Cutler has done more with less, and he is the more talented quarterback. Cutler has the stronger arm, he's more accurate, he runs better, and he avoids the pass rush better, thereby buying extra time for his receivers and minimizing negative plays.
Orton has the luxury of throwing to Brandon Marshall, who may be the most talented wide receiver in the NFL. Orton also has Eddie Royal, who had 980 yards and 91 receptions as a rookie last season, which is 91 more than Earl Bennett caught in his rookie season for the Bears.
It also helps that the Broncos' defense is No. 1 in the NFL in points allowed and No. 2 in yards allowed.
Cutler has put up comparable numbers throwing to Devin Hester, Bennett and rookie Johnny Knox. Hester had 51 catches last season, Bennett had none, and Knox was at Abilene Christian.

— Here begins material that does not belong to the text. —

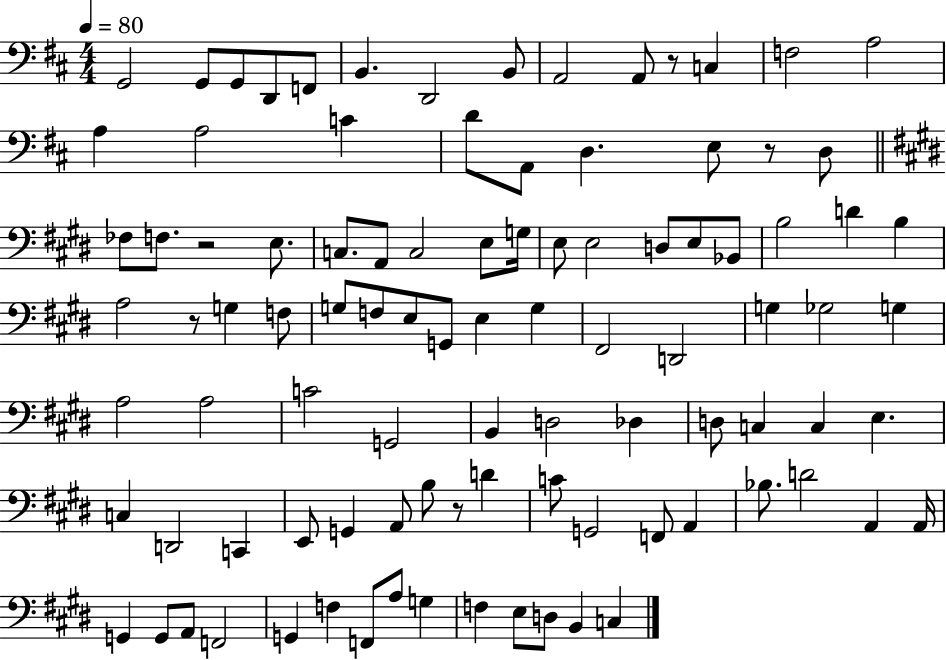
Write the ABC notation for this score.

The Bears' defense has been good but not great. It is 13th in yards and points allowed.
Cutler has been superb in the fourth quarter, leading the Bears to comeback victories over Pittsburgh and Seattle. His fourth-quarter passer rating of 111.5 is fifth-best in the league.
But Orton's fans know he has been better, with a 138.7 passer rating, second only to Eli Manning's 147.5. Cutler is 18th on third downs with a passer rating of 68.6, while Orton is fourth at 102.7.
And don't forget Orton's 26-12 won-loss record compared to Cutler's 20-21 mark. Sure, Orton was along for the 10-5 ride the Bears' defense posted in games he started during his rookie season of 2005.
All Orton was asked to do that year was to not lose games, and he did a pretty good job of it.
In Denver, Cutler practically had to win games by himself or, at the very least, try to pile up enough points to offset a porous defense. He's 14-1 in his career when his defense allows 20 points or fewer, including 2-0 this year.
Now that he has a defense capable of containing the opposition, Cutler's won-lost record should more accurately reflect his talent.
"The Trade" may be one of those rare ones that turns out great for both sides.